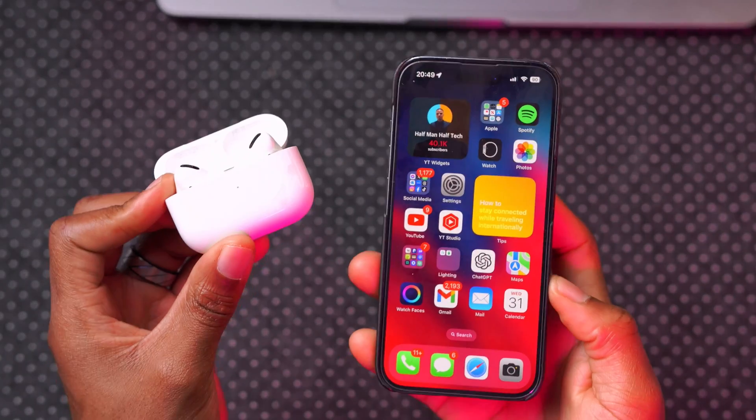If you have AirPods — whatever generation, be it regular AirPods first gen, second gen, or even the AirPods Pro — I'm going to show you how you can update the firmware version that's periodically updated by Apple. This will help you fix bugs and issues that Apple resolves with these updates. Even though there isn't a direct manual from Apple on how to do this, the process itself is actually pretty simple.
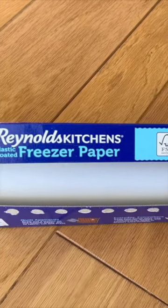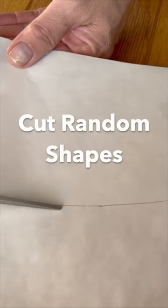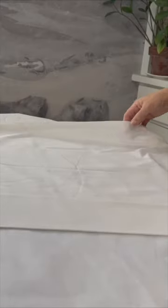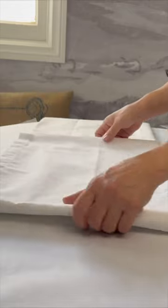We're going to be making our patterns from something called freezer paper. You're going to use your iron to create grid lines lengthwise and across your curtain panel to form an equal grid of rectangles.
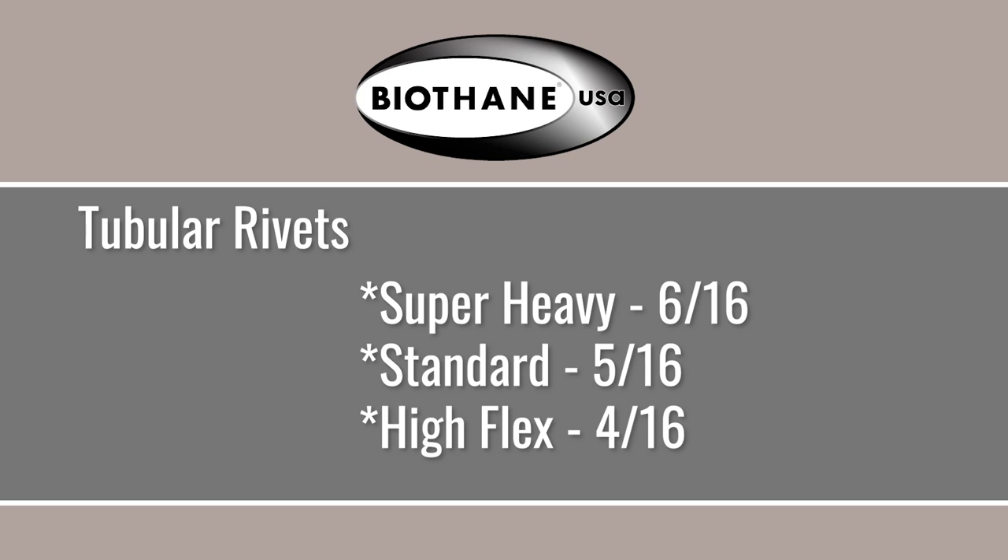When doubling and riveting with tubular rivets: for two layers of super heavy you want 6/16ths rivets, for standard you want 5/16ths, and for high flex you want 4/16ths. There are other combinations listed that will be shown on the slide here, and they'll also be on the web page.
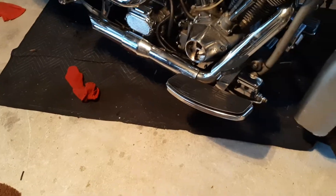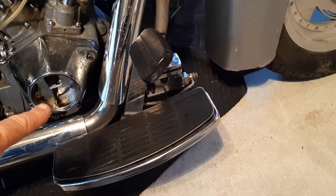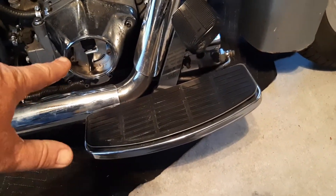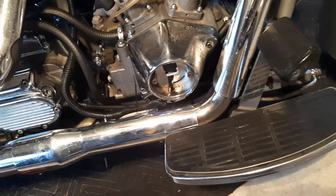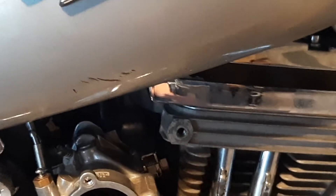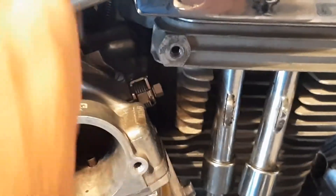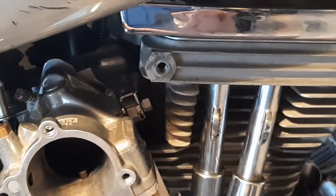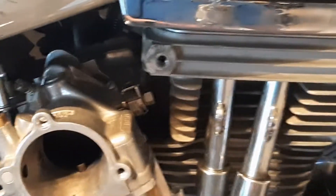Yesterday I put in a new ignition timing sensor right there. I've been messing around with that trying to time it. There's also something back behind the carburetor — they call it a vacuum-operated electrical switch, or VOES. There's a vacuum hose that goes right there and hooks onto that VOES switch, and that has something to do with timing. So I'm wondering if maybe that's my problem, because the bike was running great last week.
==
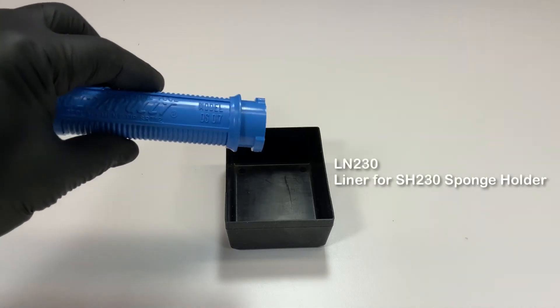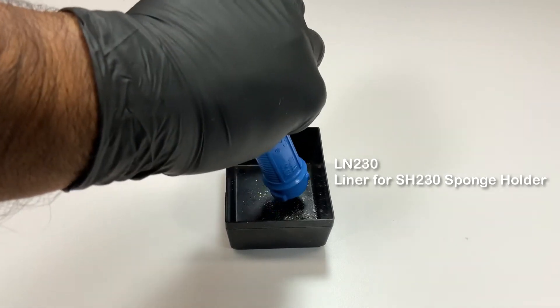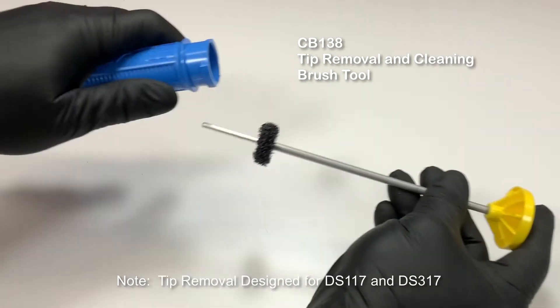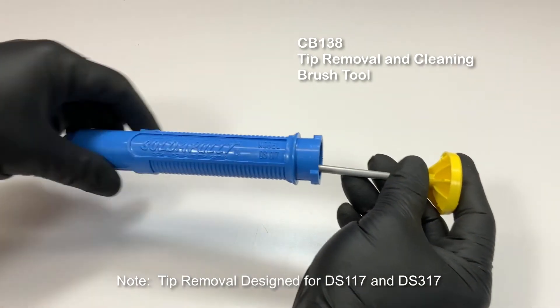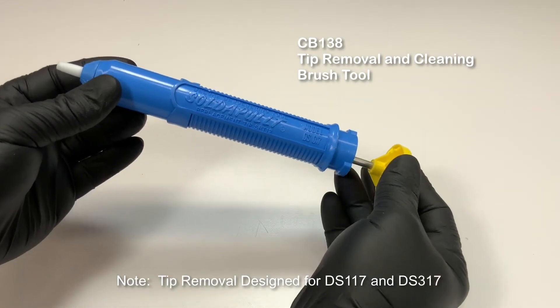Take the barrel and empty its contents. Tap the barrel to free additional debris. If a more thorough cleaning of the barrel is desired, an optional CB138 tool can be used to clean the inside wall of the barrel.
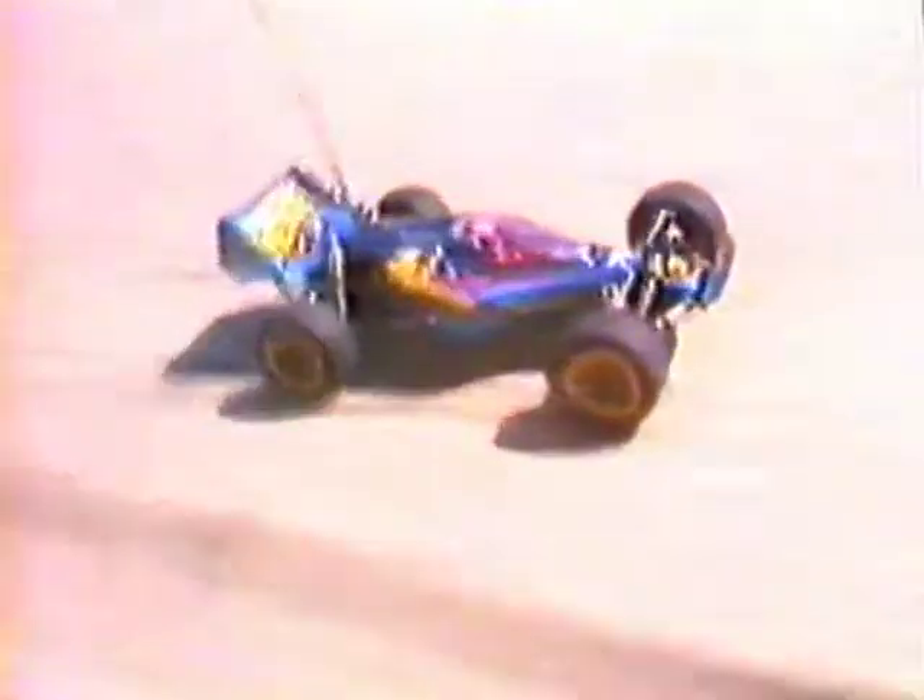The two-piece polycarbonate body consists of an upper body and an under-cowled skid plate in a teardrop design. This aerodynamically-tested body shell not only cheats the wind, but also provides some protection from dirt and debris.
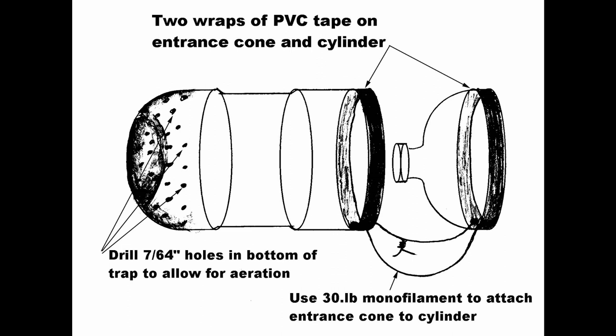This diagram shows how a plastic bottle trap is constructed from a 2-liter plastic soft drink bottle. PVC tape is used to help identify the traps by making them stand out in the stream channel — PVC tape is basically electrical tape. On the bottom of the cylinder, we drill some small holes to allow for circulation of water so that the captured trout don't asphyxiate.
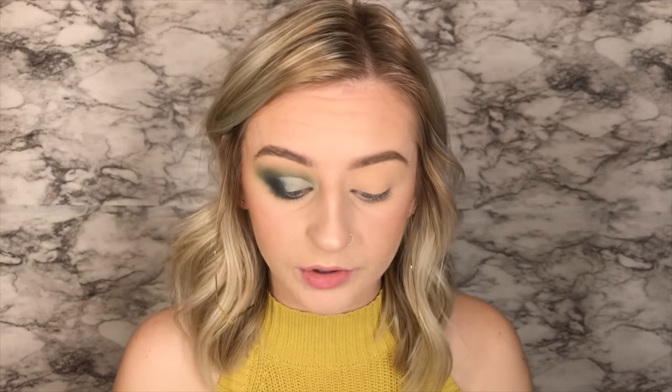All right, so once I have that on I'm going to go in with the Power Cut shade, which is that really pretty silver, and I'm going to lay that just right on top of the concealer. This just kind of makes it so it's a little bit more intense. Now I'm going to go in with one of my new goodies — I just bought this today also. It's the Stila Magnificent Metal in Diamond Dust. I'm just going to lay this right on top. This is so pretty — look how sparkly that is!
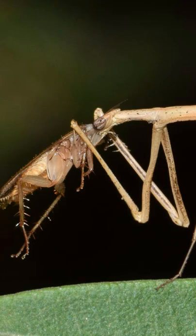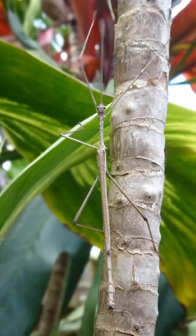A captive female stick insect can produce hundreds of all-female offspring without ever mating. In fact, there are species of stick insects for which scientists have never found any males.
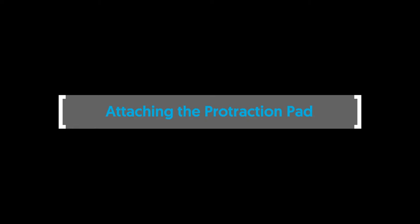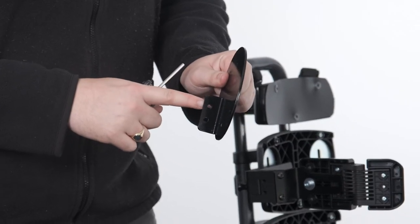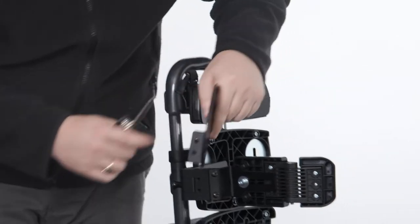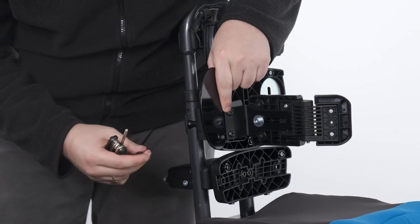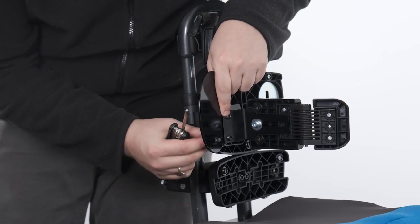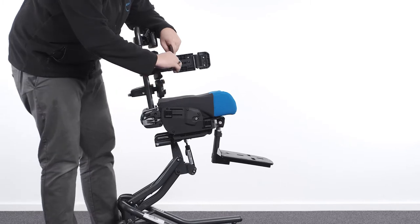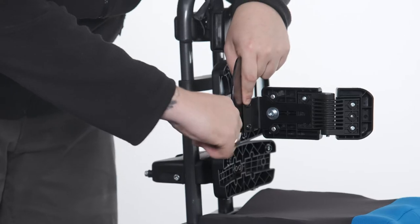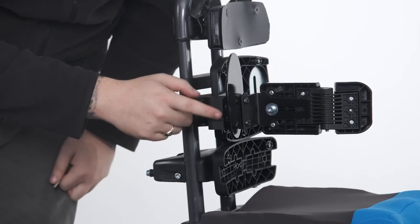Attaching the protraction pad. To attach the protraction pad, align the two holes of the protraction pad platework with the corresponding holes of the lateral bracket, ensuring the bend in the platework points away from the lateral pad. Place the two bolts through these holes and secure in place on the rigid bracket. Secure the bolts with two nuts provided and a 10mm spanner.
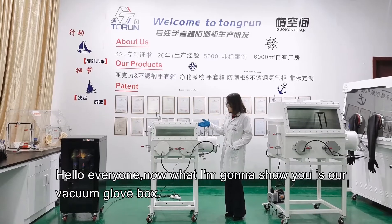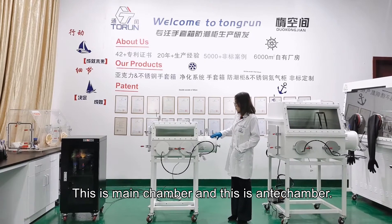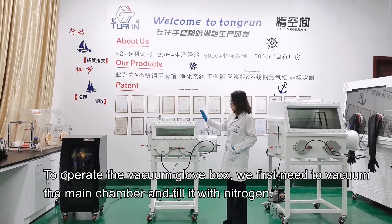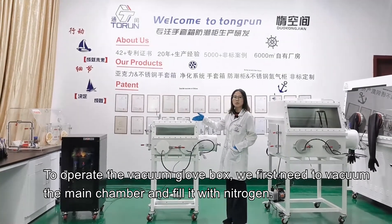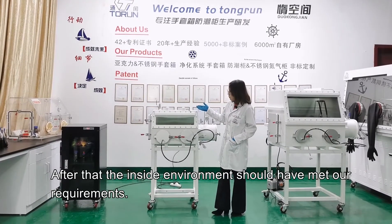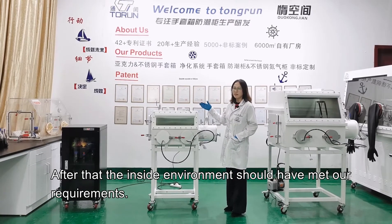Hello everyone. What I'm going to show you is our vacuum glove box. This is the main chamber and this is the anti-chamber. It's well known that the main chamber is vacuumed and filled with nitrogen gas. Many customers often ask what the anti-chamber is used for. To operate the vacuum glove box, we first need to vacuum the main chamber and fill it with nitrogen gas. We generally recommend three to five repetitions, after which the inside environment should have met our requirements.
==
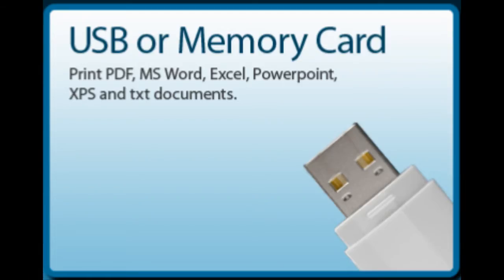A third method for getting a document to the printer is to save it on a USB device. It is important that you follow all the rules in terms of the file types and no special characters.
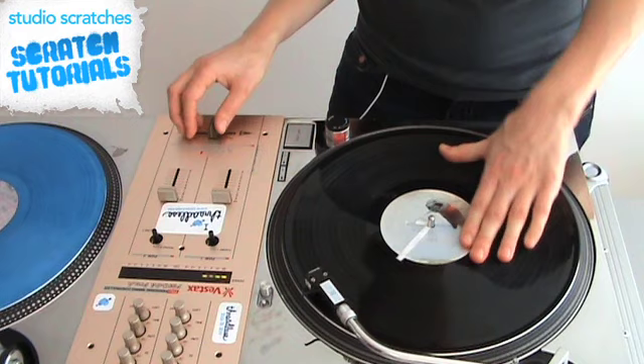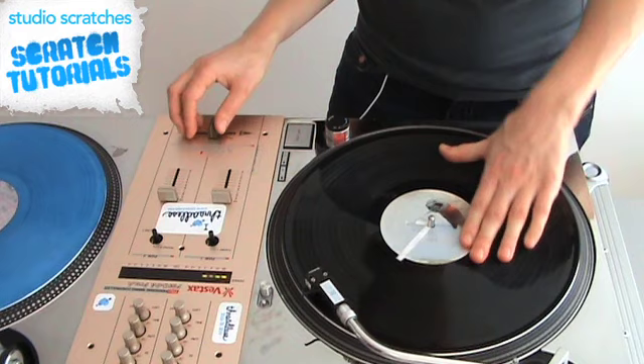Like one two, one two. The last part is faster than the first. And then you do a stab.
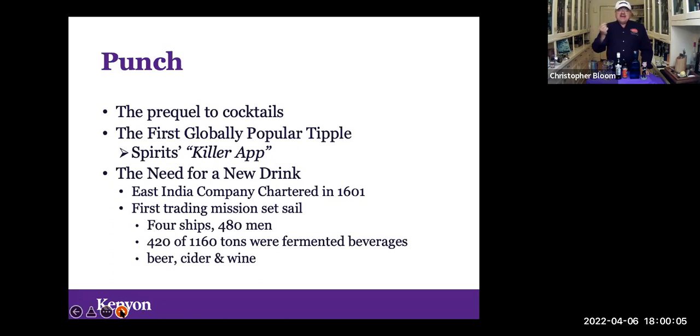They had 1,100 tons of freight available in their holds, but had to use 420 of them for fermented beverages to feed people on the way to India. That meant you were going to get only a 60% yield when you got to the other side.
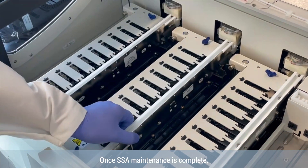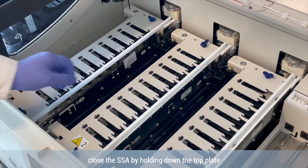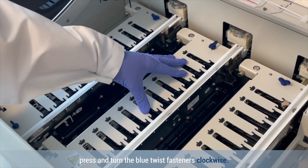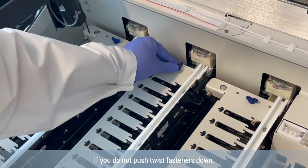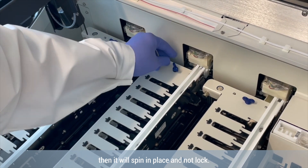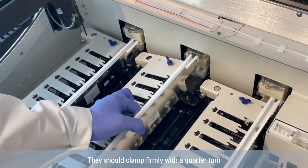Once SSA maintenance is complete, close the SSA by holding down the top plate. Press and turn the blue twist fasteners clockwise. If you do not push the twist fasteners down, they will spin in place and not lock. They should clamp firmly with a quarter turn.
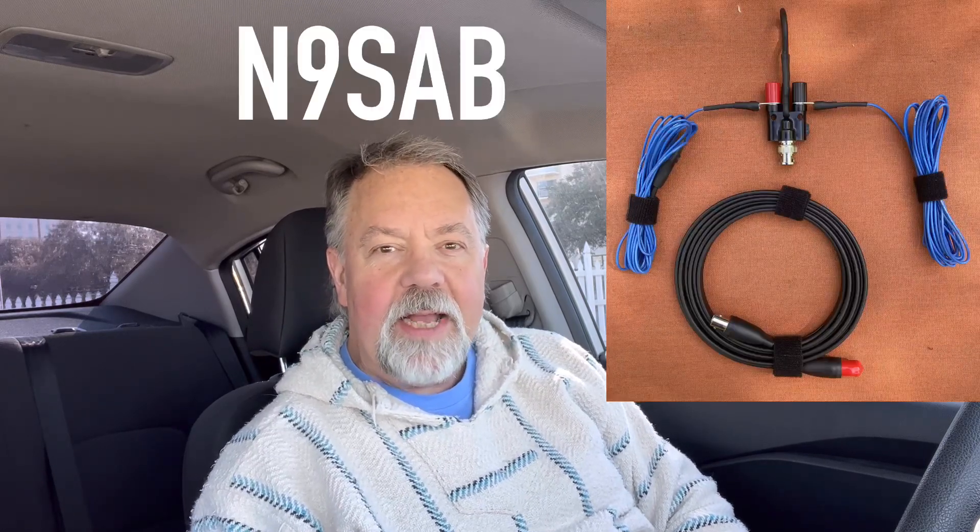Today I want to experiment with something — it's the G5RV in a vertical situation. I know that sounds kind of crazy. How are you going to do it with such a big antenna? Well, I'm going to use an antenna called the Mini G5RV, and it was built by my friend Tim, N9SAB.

**WHAT THE TASK REQUIRES**
Look above for the line with "If you have" and the line with "We're going to", then copy exactly the lines from the first through the second, both kept, with no pictures.

**TASK OUTPUT**
If you have AirPods — whatever generation, be it regular AirPods first gen, second gen, or even the AirPods Pro — I'm going to show you how you can update the firmware version that's periodically updated by Apple. This will help you fix bugs and issues that Apple resolves with these updates. Even though there isn't a direct manual from Apple on how to do this, the process itself is actually pretty simple.
We're going to be making our patterns from something called freezer paper. You're going to use your iron to create grid lines lengthwise and across your curtain panel to form an equal grid of rectangles.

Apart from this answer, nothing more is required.